**RECORDS PROVIDED**
──────

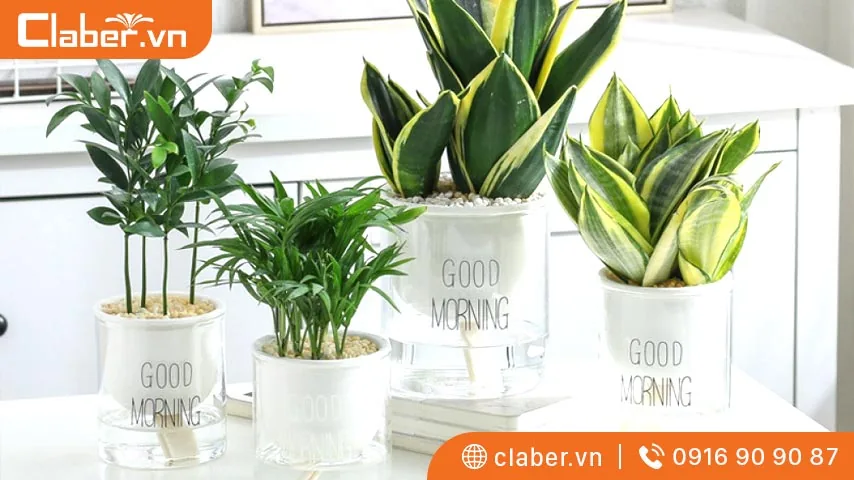 chậu tự tưới cây là gì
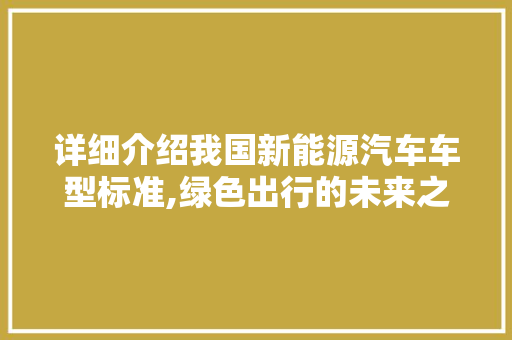 详细介绍我国新能源汽车车型标准,绿色出行的未来之路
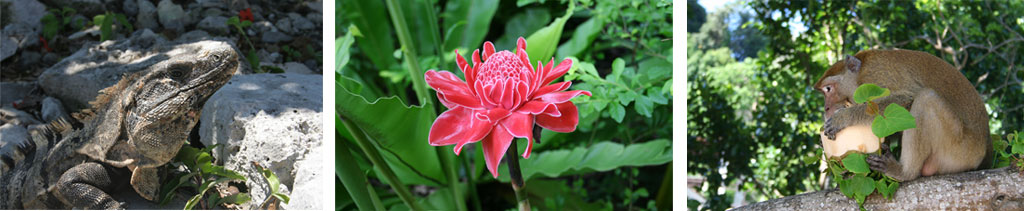 natura-compo.jpg
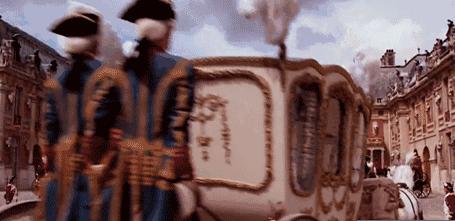 白马踏雪山金正恩座骑大有来头｜除了帅气人类为何钟情白马？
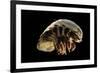Giant Deepsea Isopod (Bathynomus Giganteus) Specimen From The South Atlantic Ocean-Solvin Zankl-Framed Photographic Print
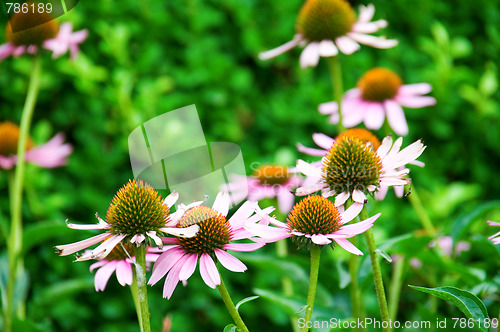 Image of Pink marguerite flowers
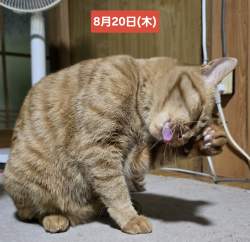 1638931 B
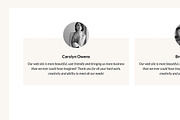 Designbiz WordPress Theme, a WordPress Template by Theme Junkie (Thumbnail 4 of 4)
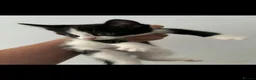Mixed Breed cats for sale: 3 kittens in St. Neots - Advert 2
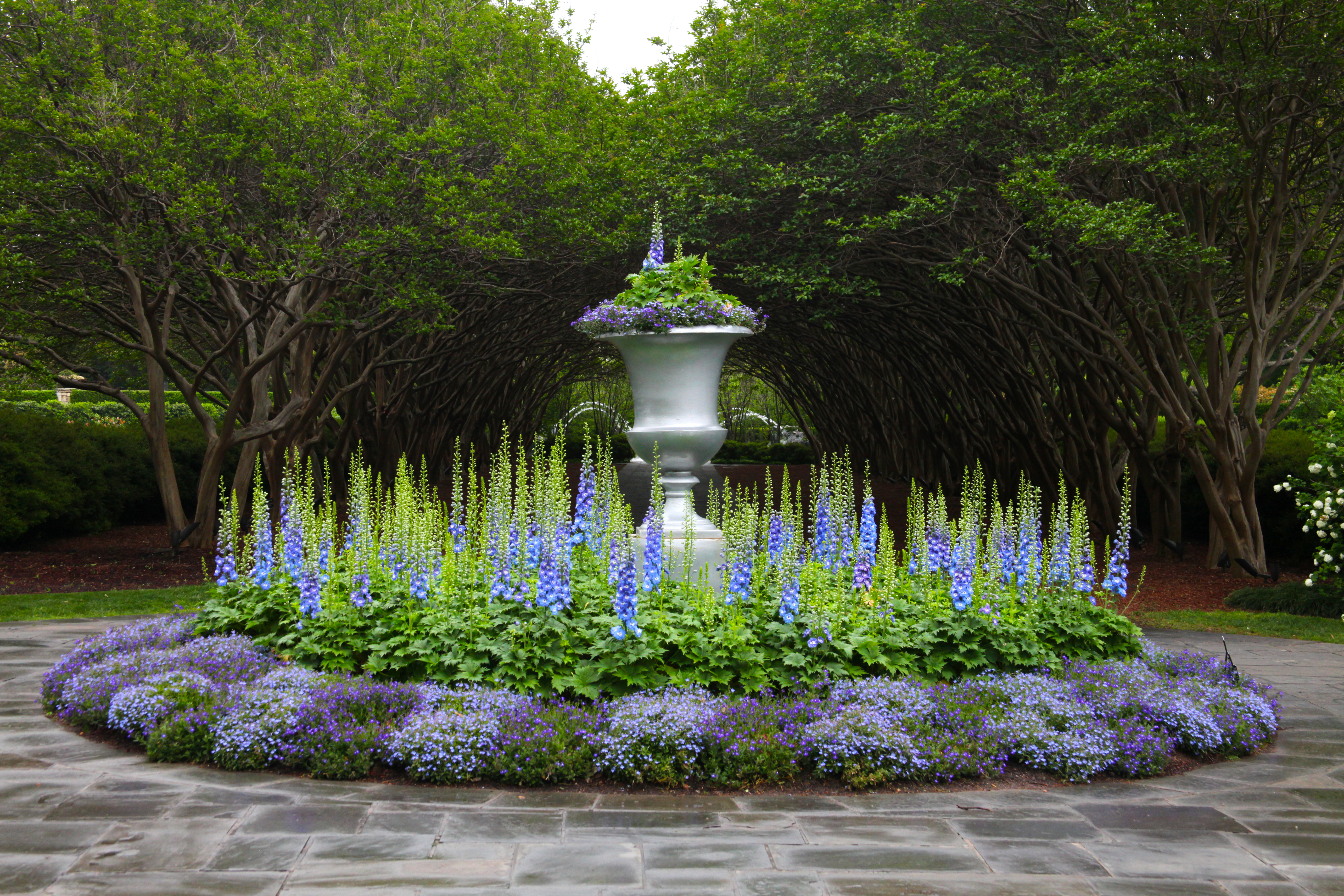 Crape Myrtle Allee | Dallas Arboretum and Botanical Garden
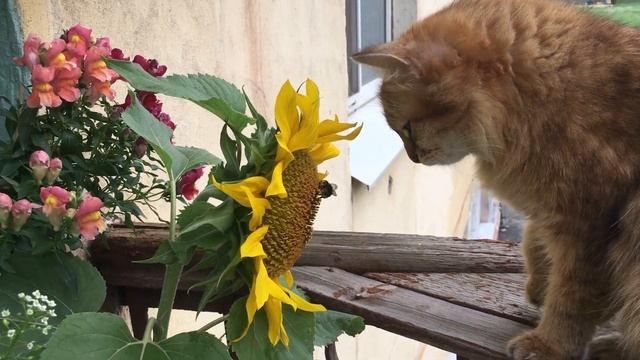 Подсолнух на балконе, шмель и кошка смотреть онлайн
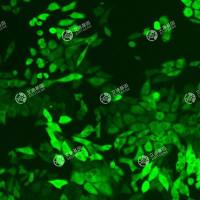 GFP-小鼠卵巢上皮癌细胞(ID8)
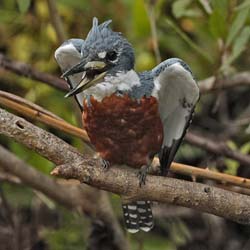 122 Ringed Kingfisher 11J8E2806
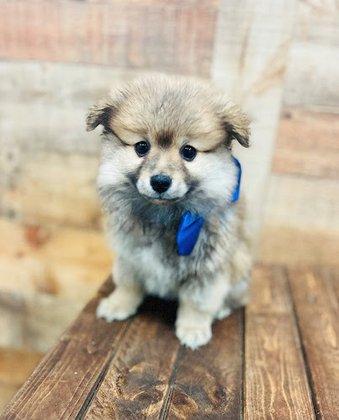 Puppy Boutique of Bartow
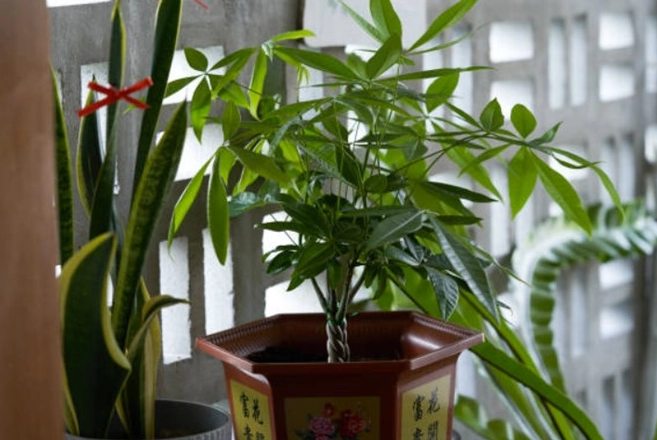發財樹 毒性 發財樹 毒性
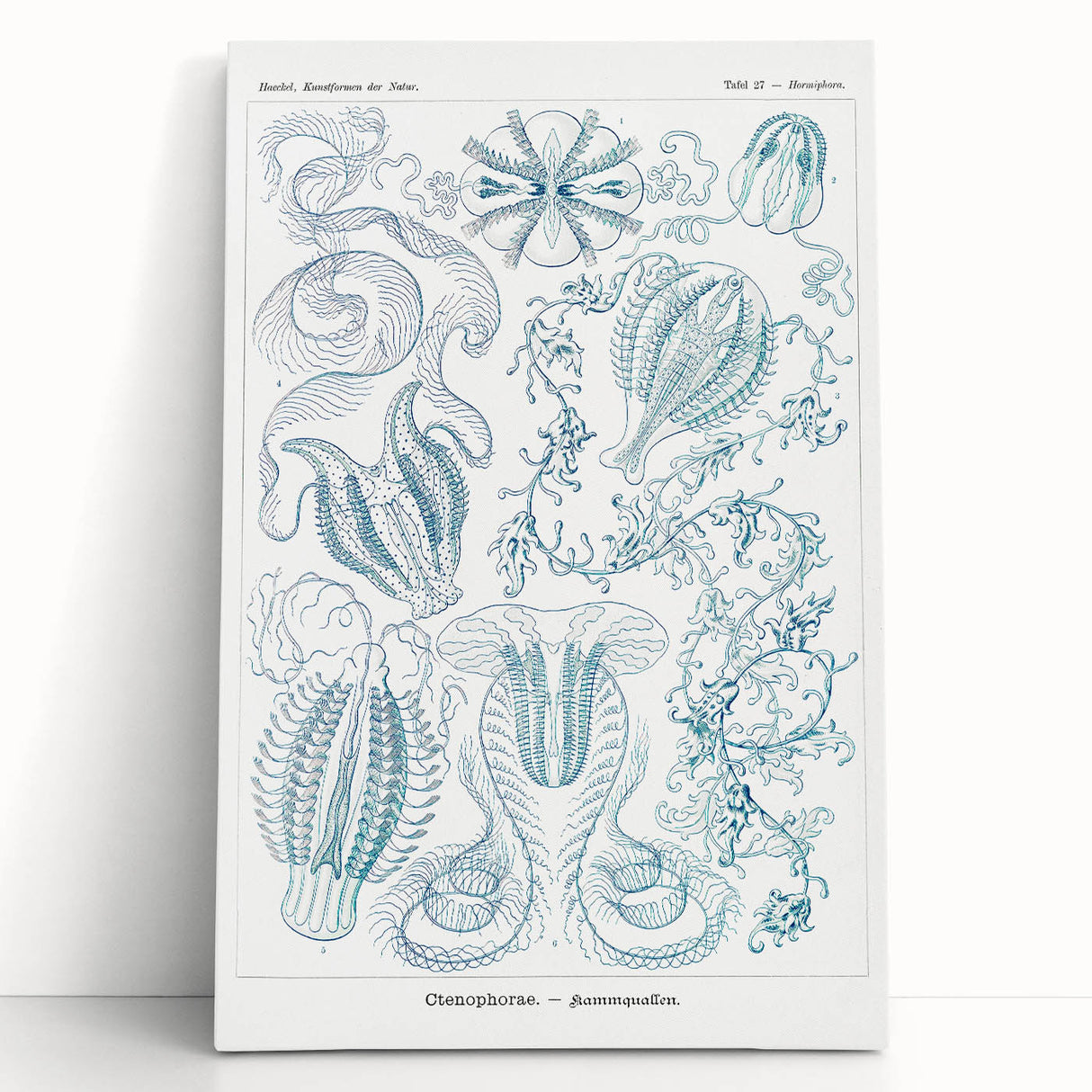 Modern Marine-Inspired Wall Art – Abstract Ctenophore Design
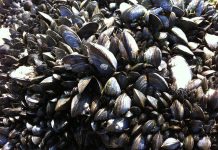 Salute - Corriere Salentino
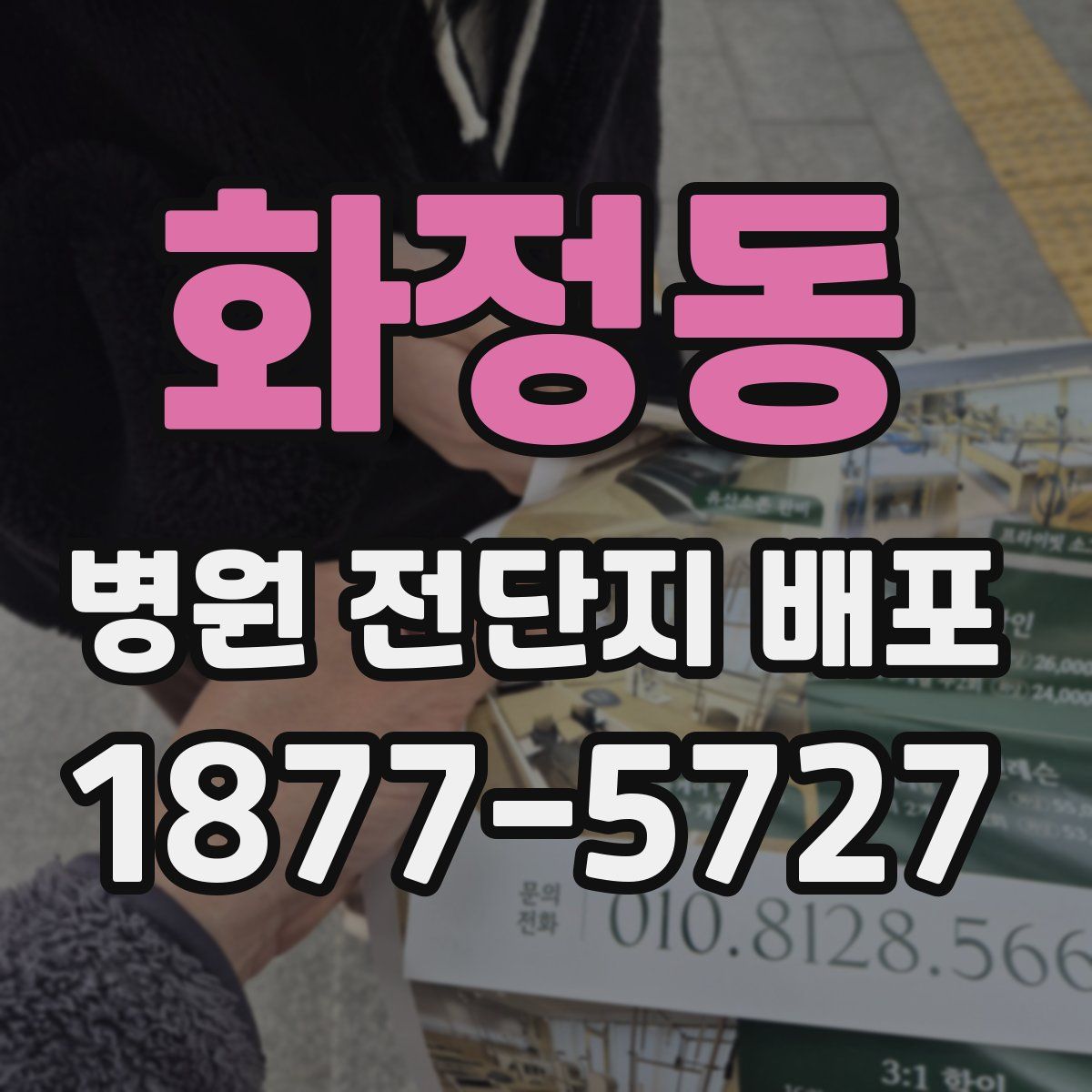 화정동 병원 전단지 배포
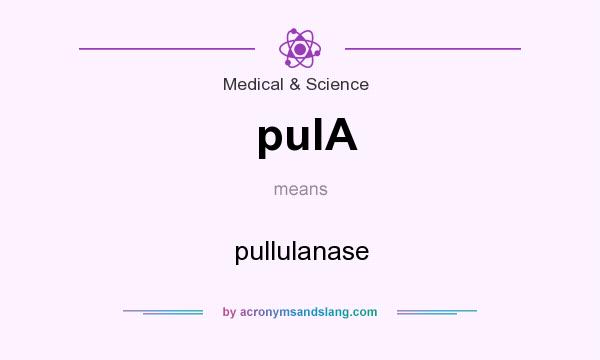 What does pulA mean? It stands for pullulanase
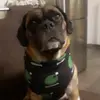 Nancy - @nancypuggle - TikTok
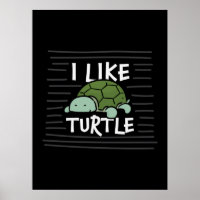 Turtle Lover | I Like Turtles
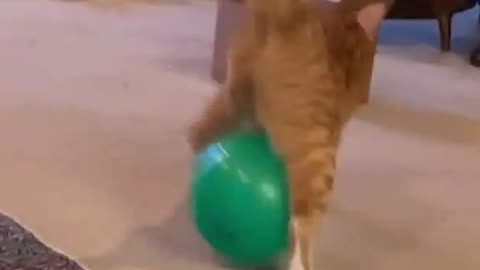 cat funny baloon walking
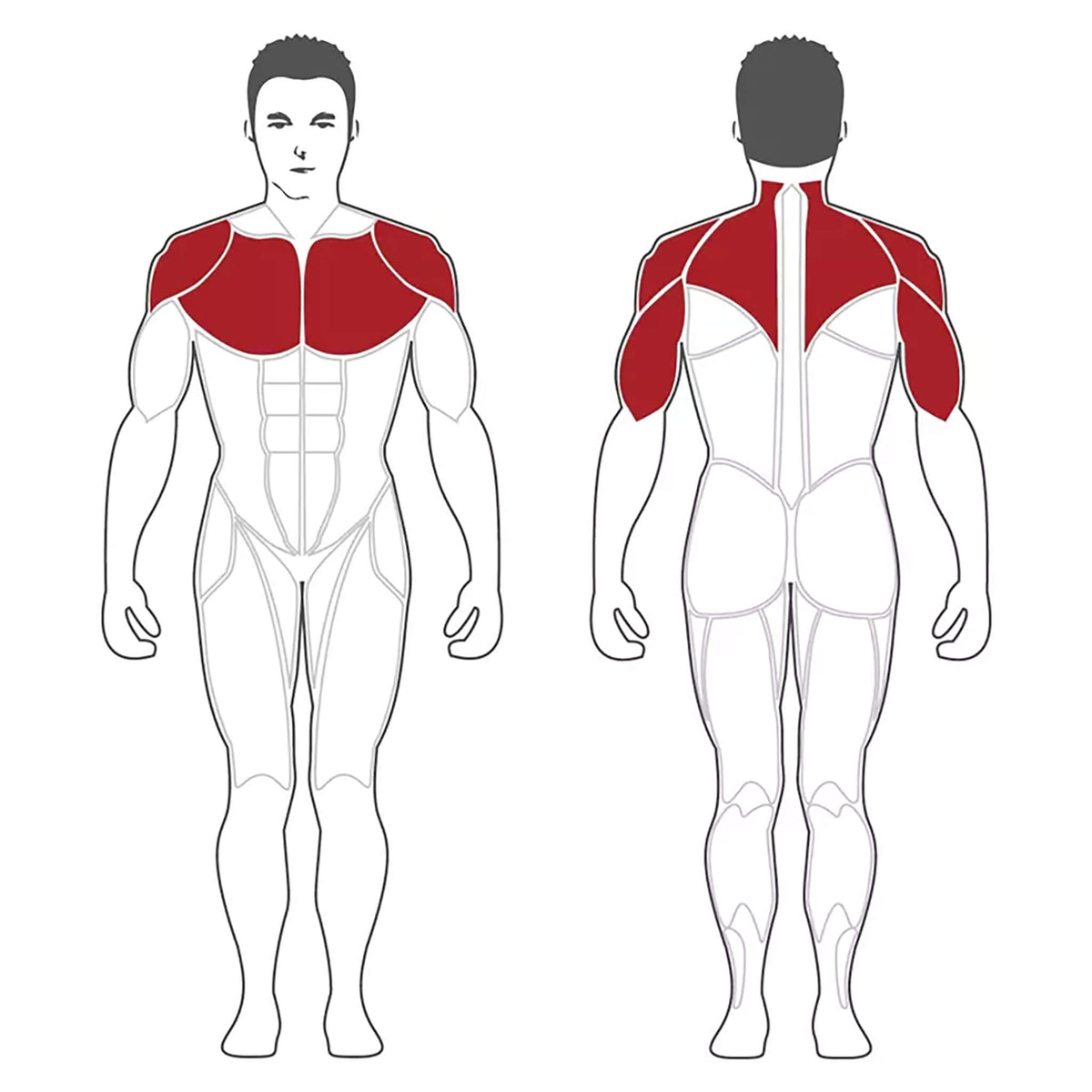 steelflex pl2100 target muscles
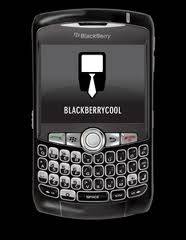 Like New - Blackberry 8310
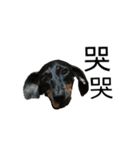 Dachshund GO（個別スタンプ：3）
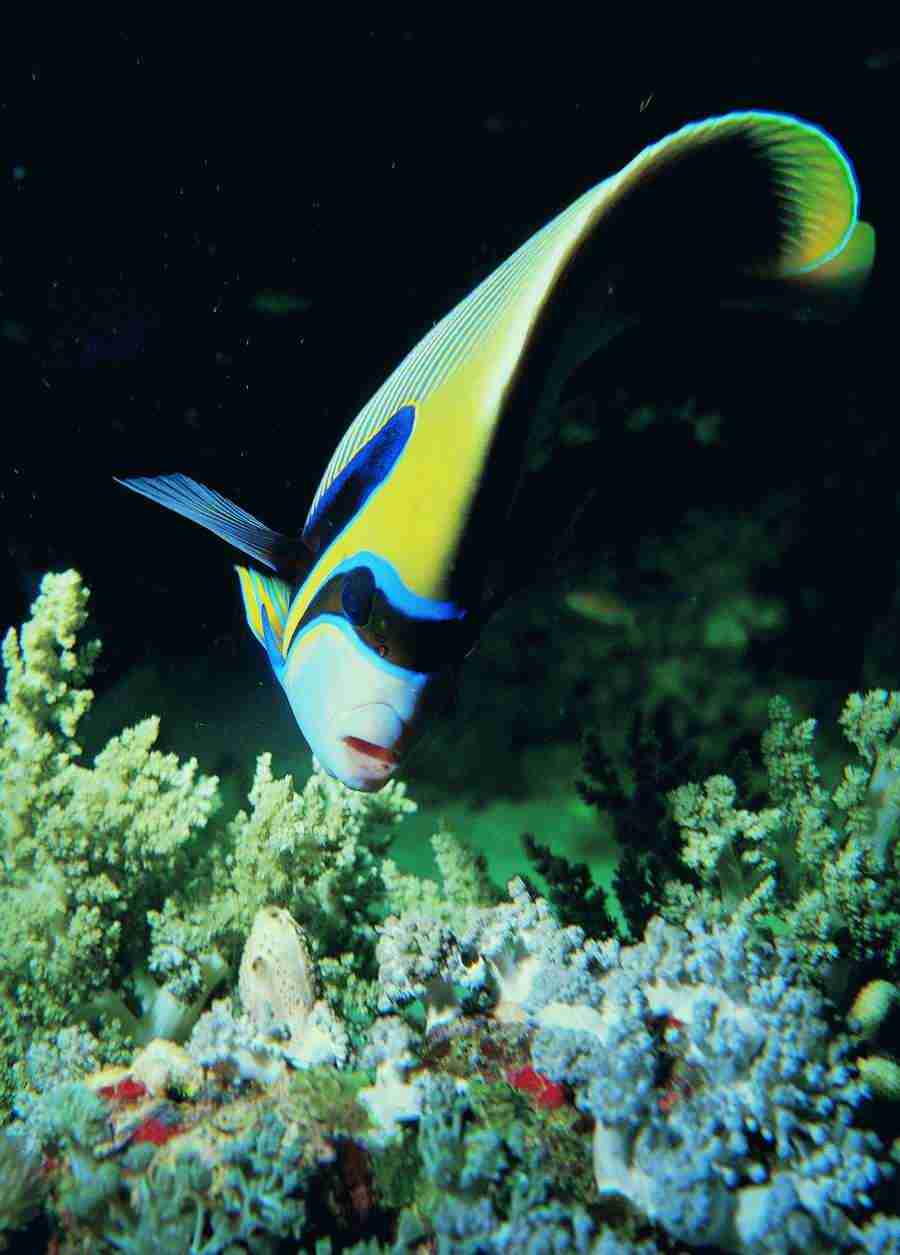 Underwater Saltwater - BackArts ></a>
<script language=JavaScript> 
  var txt = 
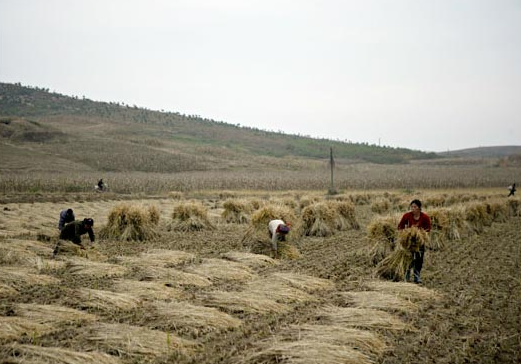 Người nông dân thu hoạch lúa tại vùng ngoại ô Bình Nhưỡng.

──────

**PROBLEM TO SOLVE**
I'd like the material above repeated exactly, with the pictures omitted.

**ANSWER BOX**
 chậu tự tưới cây là gì
 详细介绍我国新能源汽车车型标准,绿色出行的未来之路
 natura-compo.jpg
 白马踏雪山金正恩座骑大有来头｜除了帅气人类为何钟情白马？
Giant Deepsea Isopod (Bathynomus Giganteus) Specimen From The South Atlantic Ocean-Solvin Zankl-Framed Photographic Print
 Image of Pink marguerite flowers
 1638931 B
 Designbiz WordPress Theme, a WordPress Template by Theme Junkie (Thumbnail 4 of 4)
Mixed Breed cats for sale: 3 kittens in St. Neots - Advert 2
 Crape Myrtle Allee | Dallas Arboretum and Botanical Garden
 Подсолнух на балконе, шмель и кошка смотреть онлайн
 GFP-小鼠卵巢上皮癌细胞(ID8)
 122 Ringed Kingfisher 11J8E2806
 Puppy Boutique of Bartow
發財樹 毒性 發財樹 毒性
 Modern Marine-Inspired Wall Art – Abstract Ctenophore Design
 Salute - Corriere Salentino
 화정동 병원 전단지 배포
 What does pulA mean? It stands for pullulanase
 Nancy - @nancypuggle - TikTok
 Turtle Lover | I Like Turtles
 cat funny baloon walking
 steelflex pl2100 target muscles
 Like New - Blackberry 8310
 Dachshund GO（個別スタンプ：3）
 Underwater Saltwater - BackArts ></a>
<script language=JavaScript> 
  var txt = 
 Người nông dân thu hoạch lúa tại vùng ngoại ô Bình Nhưỡng.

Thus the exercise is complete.